Invariant estimator

Last updated January 31, 2023

In statistics, the concept of being an invariant estimator is a criterion that can be used to compare the properties of different estimators for the same quantity. It is a way of formalising the idea that an estimator should have certain intuitively appealing qualities. Strictly speaking, "invariant" would mean that the estimates themselves are unchanged when both the measurements and the parameters are transformed in a compatible way, but the meaning has been extended to allow the estimates to change in appropriate ways with such transformations.^[1] The term equivariant estimator is used in formal mathematical contexts that include a precise description of the relation of the way the estimator changes in response to changes to the dataset and parameterisation: this corresponds to the use of "equivariance" in more general mathematics.

General setting

Background

In statistical inference, there are several approaches to estimation theory that can be used to decide immediately what estimators should be used according to those approaches.
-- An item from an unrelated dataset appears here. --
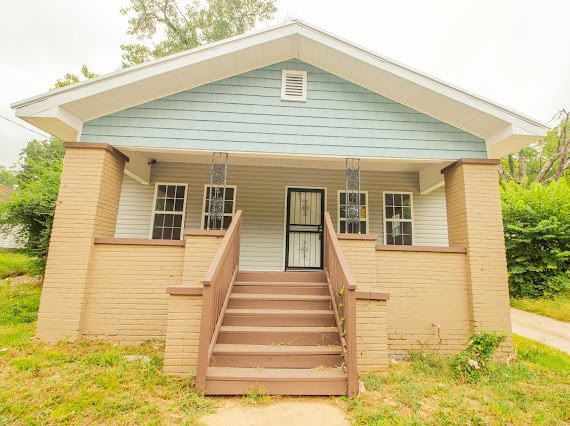 property at 2129 Pike Rd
For example, ideas from Bayesian inference would lead directly to Bayesian estimators. Similarly, the theory of classical statistical inference can sometimes lead to strong conclusions about what estimator should be used. However, the usefulness of these theories depends on having a fully prescribed statistical model and may also depend on having a relevant loss function to determine the estimator. Thus a Bayesian analysis might be undertaken, leading to a posterior distribution for relevant parameters, but the use of a specific utility or loss function may be unclear. Ideas of invariance can then be applied to the task of summarising the posterior distribution. In other cases, statistical analyses are undertaken without a fully defined statistical model or the classical theory of statistical inference cannot be readily applied because the family of models being considered are not amenable to such treatment. In addition to these cases where general theory does not prescribe an estimator, the concept of invariance of an estimator can be applied when seeking estimators of alternative forms, either for the sake of simplicity of application of the estimator or so that the estimator is robust.
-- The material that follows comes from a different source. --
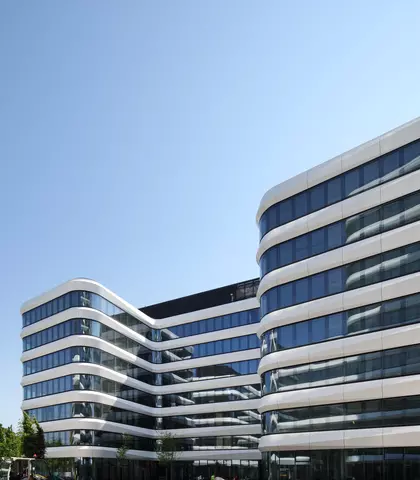 Europacenter Franfurt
The concept of invariance is sometimes used on its own as a way of choosing between estimators, but this is not necessarily definitive. For example, a requirement of invariance may be incompatible with the requirement that the estimator be mean-unbiased; on the other hand, the criterion of median-unbiasedness is defined in terms of the estimator's sampling distribution and so is invariant under many transformations.

One use of the concept of invariance is where a class or family of estimators is proposed and a particular formulation must be selected amongst these. One procedure is to impose relevant invariance properties and then to find the formulation within this class that has the best properties, leading to what is called the optimal invariant estimator.
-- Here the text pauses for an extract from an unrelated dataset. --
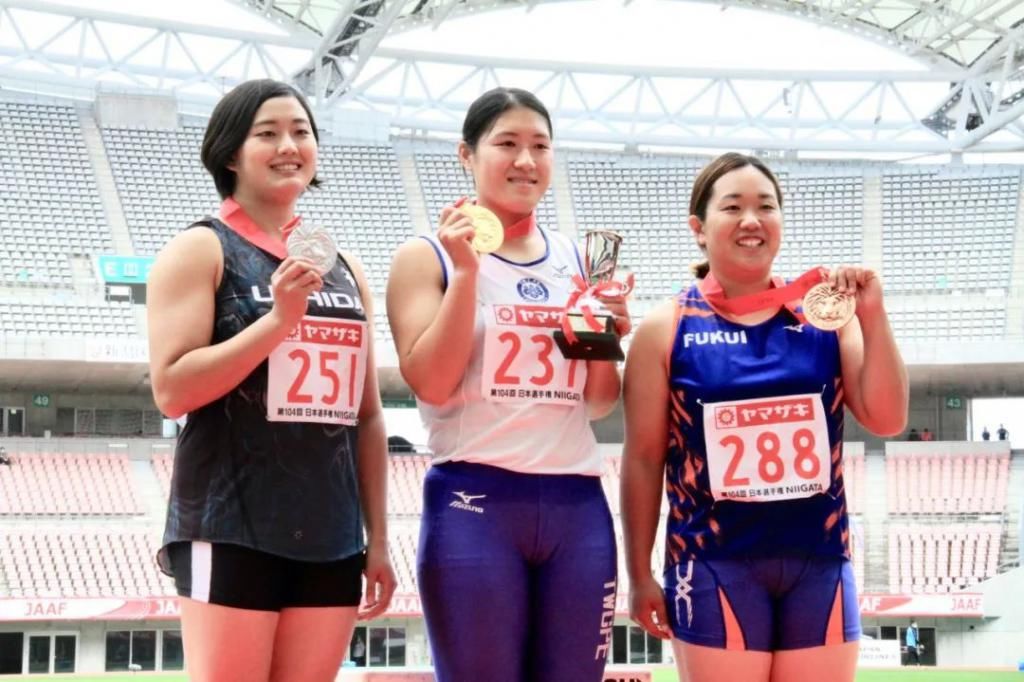  女飞人|日本女飞人200米跑22.98秒？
Some classes of invariant estimators

There are several types of transformations that are usefully considered when dealing with invariant estimators. Each gives rise to a class of estimators which are invariant to those particular types of transformation.

Shift invariance: Notionally, estimates of a location parameter should be invariant to simple shifts of the data values. If all data values are increased by a given amount, the estimate should change by the same amount. When considering estimation using a weighted average, this invariance requirement immediately implies that the weights should sum to one. While the same result is often derived from a requirement for unbiasedness, the use of "invariance" does not require that a mean value exists and makes no use of any probability distribution at all.
Scale invariance: Note that this topic about the invariance of the estimator scale parameter not to be confused with the more general scale invariance about the behavior of systems under aggregate properties (in physics).
Parameter-transformation invariance: Here, the transformation applies to the parameters alone. The concept here is that essentially the same inference should be made from data and a model involving a parameter θ as would be made from the same data if the model used a parameter φ, where φ is a one-to-one transformation of θ, φ=h(θ). According to this type of invariance, results from transformation-invariant estimators should also be related by φ=h(θ). Maximum likelihood estimators have this property when the transformation is monotonic. Though the asymptotic properties of the estimator might be invariant, the small sample properties can be different, and a specific distribution needs to be derived.^[2]
Permutation invariance: Where a set of data values can be represented by a statistical model that they are outcomes from independent and identically distributed random variables, it is reasonable to impose the requirement that any estimator of any property of the common distribution should be permutation-invariant: specifically that the estimator, considered as a function of the set of data-values, should not change if items of data are swapped within the dataset.

The combination of permutation invariance and location invariance for estimating a location parameter from an independent and identically distributed dataset using a weighted average implies that the weights should be identical and sum to one. Of course, estimators other than a weighted average may be preferable.

Optimal invariant estimators

Under this setting, we are given a set of measurements $x$ which contains information about an unknown parameter $\theta$ . The measurements $x$ are modelled as a vector random variable having a probability density function $f(x|\theta )$ which depends on a parameter vector $\theta$ .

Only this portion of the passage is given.